Under 31 USC §5321(a)(5)(B) the maximum penalty for an FBAR violation is $10,000 unless the violation is willful. In that case, 31 USC §5321(a)(5)(C) increases the maximum penalty to the greater of $100,000 or 50% of the balance in the account.
But what is a willful violation? Knowingly violating the provisions would be clearly willful, but the memorandum holds that since this a civil penalty, the standard for willfulness has been held to be lower by the Courts. The PMTA notes:
Where “willfulness” is a statutory condition of civil liability, the Supreme Court has generally interpreted “willfulness” to not only include knowing violations of a standard, but reckless ones as well. Safeco, supra, at 59. Willful blindness to the obvious or known consequences of one’s action also generally satisfies a “willfulness” requirement in the civil context. Glob.-Tech Appliances, Inc. v. SEB S.A., 563 U.S. 754, 769 (2011).

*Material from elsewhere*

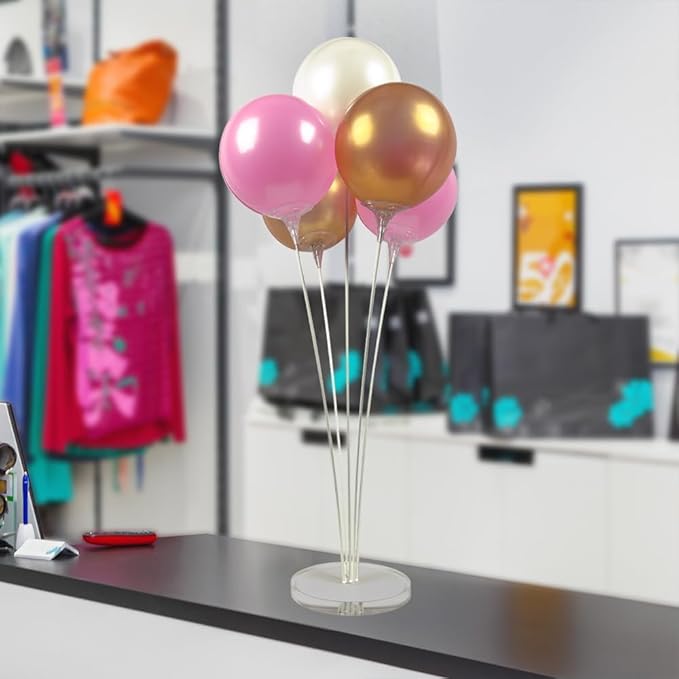 Reusable Balloon Tabletop Kit - Helium-Free Vinyl Bouquets - Lasting Inflation - Includes 5 Balloons, Stems & Acrylic Base, for Business, Schools & Events (Light Pink, Gold, White)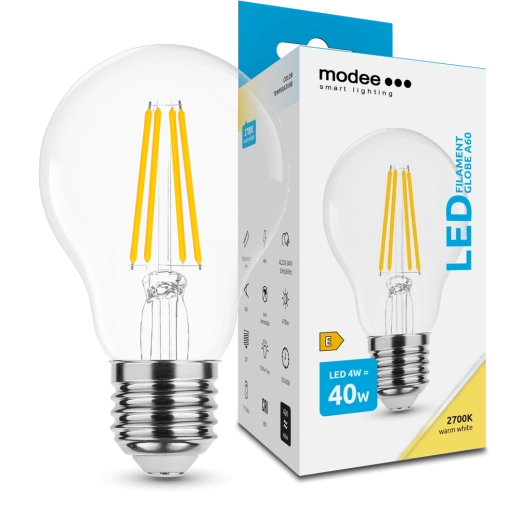 Modee Smart Lighting LED vláknová žiarovka Globe E27 4 W teplá biela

The memorandum goes on to apply this to the FBAR violation issue:
Consistent with the Supreme Court’s interpretation of the word “willful” in the civil context, courts have held that the standard for “willfulness” for civil FBAR violations includes recklessness and willful blindness. The Fourth Circuit in United States v. Williams, 489 F. App’x 655, 660 (4th Cir. 2012), reversed for clear error the district court’s finding that willfulness had not been established, because the taxpayer’s “undisputed actions establish reckless conduct.” The district court in Bedrosian rejected the argument that in order for the government to sustain a civil willful FBAR penalty, it must meet the standard used in the criminal context and show “that the actions amounted to a voluntary, intentional violation of a known legal duty. See Cheek v. United States, 498 U.S. 192, 201 (1991).” Bedrosian v. United States, No. CV 15-5853, 2017 WL 4946433, at *3 (E.D. Pa. Sept. 20, 2017) (on appeal to the 3d. Cir. on other grounds). Id. The court in United States v. McBride, 908 F. Supp. 2d 1186, 1210 (D. Utah 2012), held that willfulness for civil FBAR violations includes both recklessness and willful blindness, as did the court in United States v. Bohanec, 263 F. Supp. 3d 881, 889 (C.D. Cal. 2016). As the court in Bedrosian noted, every federal court to have considered the willfulness standard for civil FBAR violations has concluded that the civil standard applies, and the standard includes “willful blindness” and “recklessness”. No. CV 15-5853, 2017 WL 4946433, at *3. The court in Garrity similarly noted that numerous courts have found that “willfulness” in the civil FBAR context includes reckless conduct. United States v. Garrity, 2018 WL 1611387, at *6 (D. Conn. Apr. 3, 2018) (citing cases holding that “willfulness” for civil FBAR violations includes recklessness, and noting that “defendants cite no case in which a court has held to the contrary.”)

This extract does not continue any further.